Summer's coming to an end and I can't help but look back at the last two years. What exactly have I accomplished? I've become more outgoing and made some acquaintances like Darvarsh and this guy name Imir. I'm also more social around people and gotten along well my summer roommates. It seems like I'm making good progress but I still feel like I have an empty hole in my body. I feel so alone. Is this what life is going to be like for me for the rest of my life? Constantly moving from one place to another, never achieving or establishing any deep, meaningful relationships despite my constant attempts to do so? Am I going to spend every Friday night and the weekends by myself surfing the internet? God, I'm so lonely.
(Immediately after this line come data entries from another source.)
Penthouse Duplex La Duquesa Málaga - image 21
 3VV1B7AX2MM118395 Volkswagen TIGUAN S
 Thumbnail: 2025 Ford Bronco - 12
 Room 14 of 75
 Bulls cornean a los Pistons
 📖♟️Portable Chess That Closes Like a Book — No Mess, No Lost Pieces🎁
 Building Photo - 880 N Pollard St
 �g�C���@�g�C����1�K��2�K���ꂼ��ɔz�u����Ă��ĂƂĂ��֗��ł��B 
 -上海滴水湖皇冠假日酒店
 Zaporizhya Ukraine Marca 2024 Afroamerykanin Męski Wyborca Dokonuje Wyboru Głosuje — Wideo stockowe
I've been thinking about Julie lately, over and over again. I keep on wondering whether that was her that day, near OVT when some girl yelled, "hey, do you want to get some ice cream?!" Maybe it was her and I screwed up or maybe its just wishful thinking, either way, I should have investigated further. Maybe I should message her over Facebook, I doubt she'll respond. The situation with Julia has simply fizzled out. Every now and then, I notice that she would look to see if it was me if I was right at the corner of her eye. I should investigate further, but I doubt anything is going come out of it. I've been planning to type up the notes for MGT 132 and sending it to her over Facebook, it's the least I can do I guess.
One other high note during this summer is meeting Professor Tang in my econ class. Dear God, she's both brilliant and beautiful. She makes going to class worth it but she makes it super hard to concentrate. Heh, I always had a thing for intelligent and older women. Strangely enough, I think she's attracted to me too. During my first day, I noticed that she took noticed of me when I walked in. She stared a couple of seconds, broke contact and stared again a couple of seconds later. A week ago, she was talking about a topic and when she at looked me, she froze up and stared at me with her mouth open for four whole seconds. She then shook it off and turned back to the class to continue the lecture. I was wearing a tight fitting polo shirt that day. Was she attracted to me? There was another time when she looked up from her notes, made eye contact with me, and immediately looked back down. That's the type of thing that shy girls tend to do. I must be imagining things, though it wouldn't be first time an older women was attracted to me. Man, I would be lucky to be with a woman who is like Professor Tang. If such a day ever comes.
Note to self: Remember to maintain good posture while sitting and standing. Remember to raise eyebrows when smiling.